### Action item
When you reach the line below that has "Did you know", start returning lines exactly, and stop after the line that has "Aussie Brackets. A"; skip the pictures.

### Available data
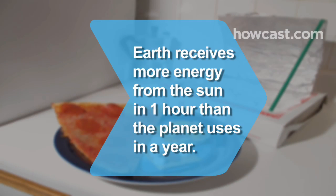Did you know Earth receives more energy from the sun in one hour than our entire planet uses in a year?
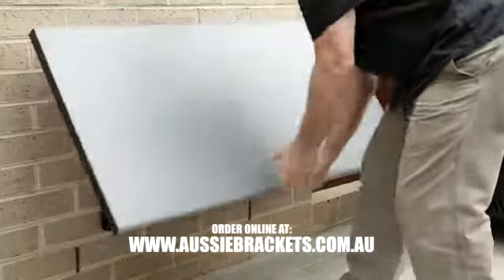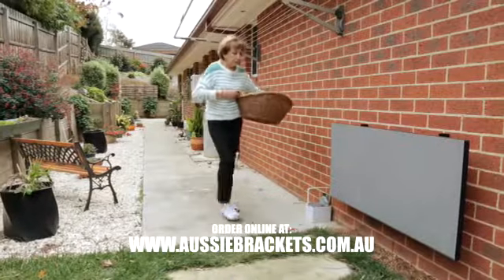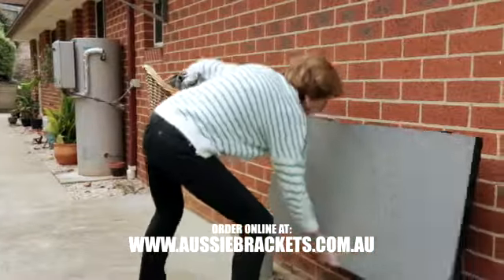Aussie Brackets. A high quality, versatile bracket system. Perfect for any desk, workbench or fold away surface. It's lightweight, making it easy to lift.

* * *

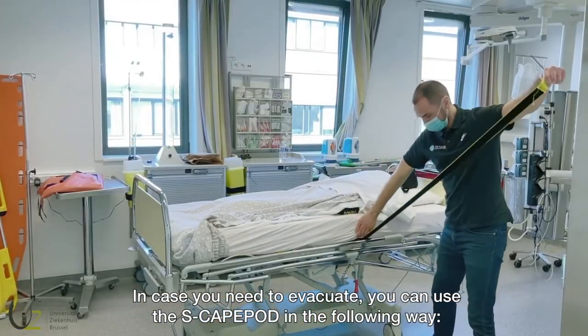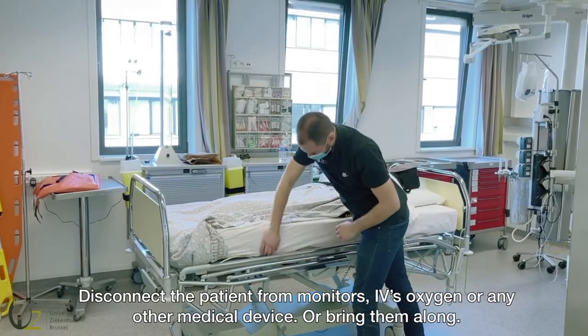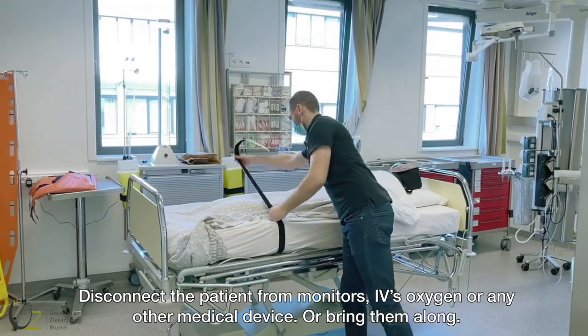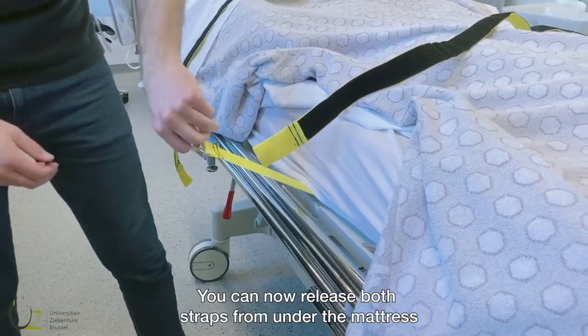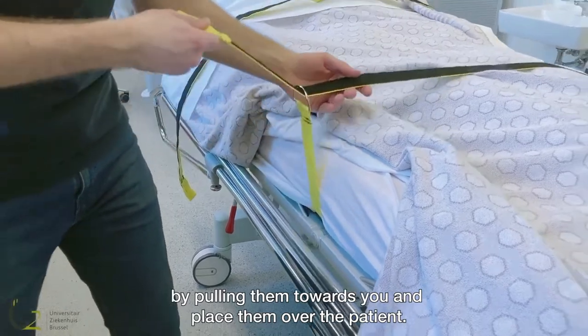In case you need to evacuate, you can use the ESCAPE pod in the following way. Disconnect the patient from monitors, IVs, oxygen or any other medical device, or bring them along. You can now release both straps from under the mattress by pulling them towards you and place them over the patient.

==

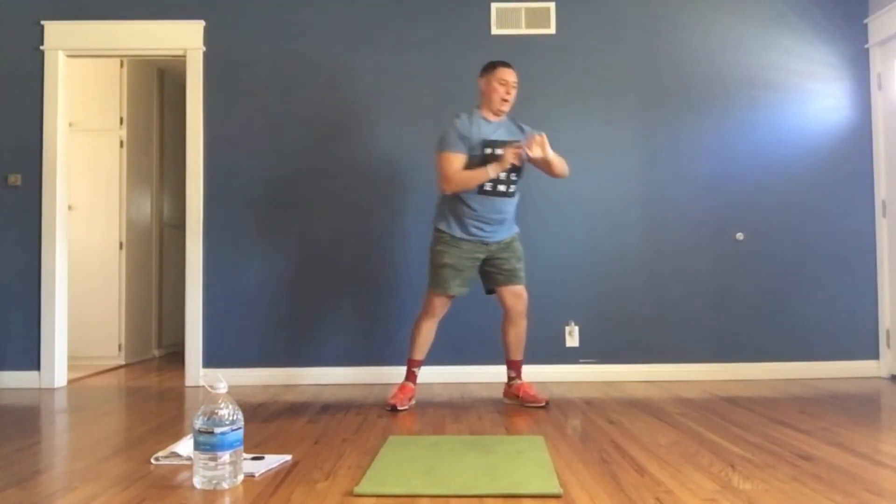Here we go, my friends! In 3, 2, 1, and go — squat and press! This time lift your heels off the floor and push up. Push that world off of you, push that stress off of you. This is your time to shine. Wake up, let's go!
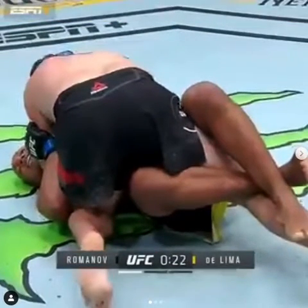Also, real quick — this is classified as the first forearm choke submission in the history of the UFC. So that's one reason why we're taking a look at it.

### Task result
Did you know Earth receives more energy from the sun in one hour than our entire planet uses in a year?
Aussie Brackets. A high quality, versatile bracket system. Perfect for any desk, workbench or fold away surface. It's lightweight, making it easy to lift.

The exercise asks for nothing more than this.